Mit so einem Schwächling als Freund gibt's nur noch Streit, und nichts klappt mehr. Selbst bei den einfachsten Streichen kneift er, bei denen sonst immer die ganze Klasse mitmacht, etwa bei der Diätenerhöhung. Das ärgert die Klassenbeste, die fleißige Angela. Weil sie um jeden Preis Klassensprecherin bleiben will, tut sie sich seit neuestem sogar mit den Grünen zusammen, den Schmuddelkindern, über die sie und ihre Clique früher nur die Nase gerümpft haben. Doch was tut man nicht alles, um ganz oben zu bleiben? Bürger-liche Prinzipien sind da nur hinderlich.

Pech für Guido Westerwelle, um den sich früher alle gerissen haben. Der steht nun an der Seitenlinie, fuchtelt wild mit den Armen. Eben noch hat er mit Angela marktwirtschaftliche Bonbons und reformerische Liebesbriefe getauscht, jetzt will sie von alledem nichts wissen. Ja, wäre er mutiger, dann könnte er jetzt Möllemanns "Projekt 18" wieder hervorholen und die nationalliberale Karte ziehen, um eine freiheitliche Gegenposition zum grassierenden Sozialdemokratismus aufzubauen, dem alle anderen hinterherlaufen. Aber der Schuh ist Westerwelle denn doch zu groß.

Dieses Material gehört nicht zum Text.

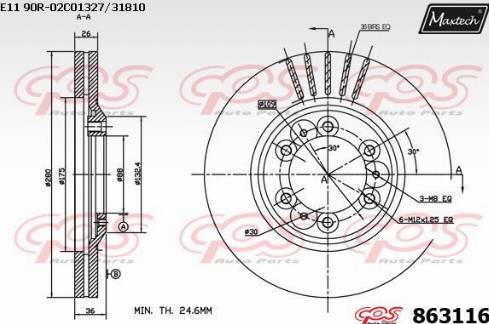 Maxtech 863116.0000 - Спирачен диск vvparts.bg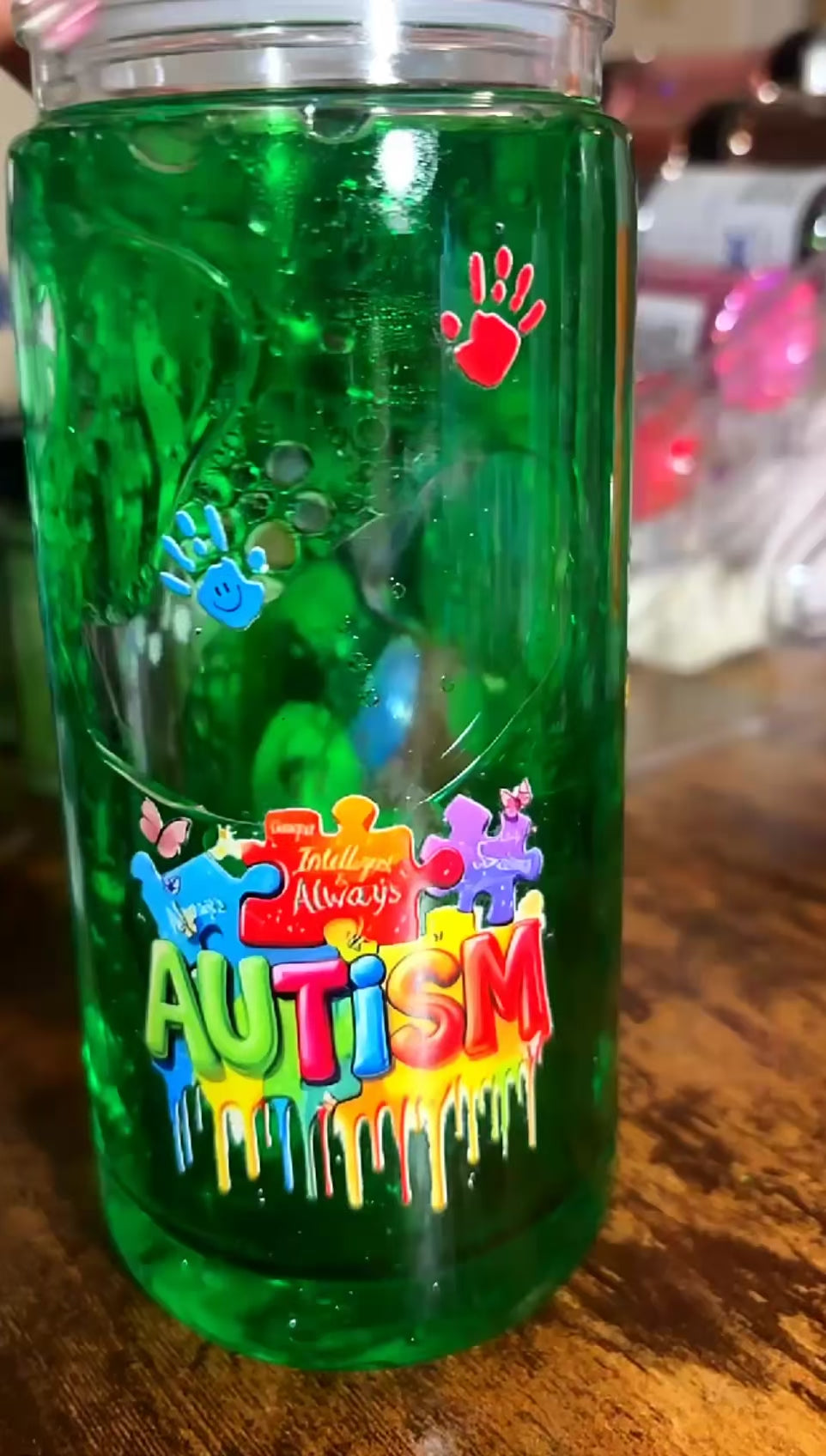 Autism lime green 20 oz lava drip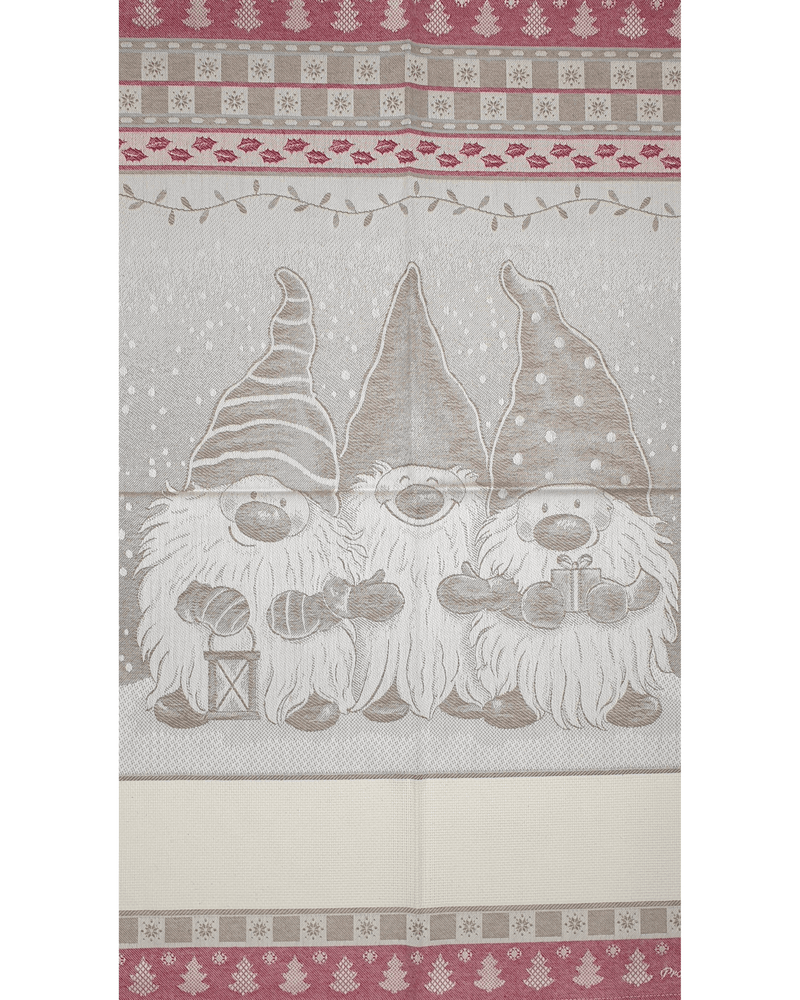 Asciugapiatti da ricamo in puro cotone - GNOMI BEIGE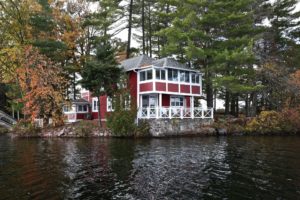 Stoney Lake cottage renovation - cottage exterior from lake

Es soll ihm ja nicht so ergehen wie den Außenseitern, die immer in der rechten Ecke stehen müssen. Wenn es darum geht, einen von denen zu verprügeln, ist sich die zerstrittene Rasselbande auf einmal wieder einig. So brummt der Linkskreisel also in lärmendem Stillstand weiter. Bis er mal von selbst umfällt.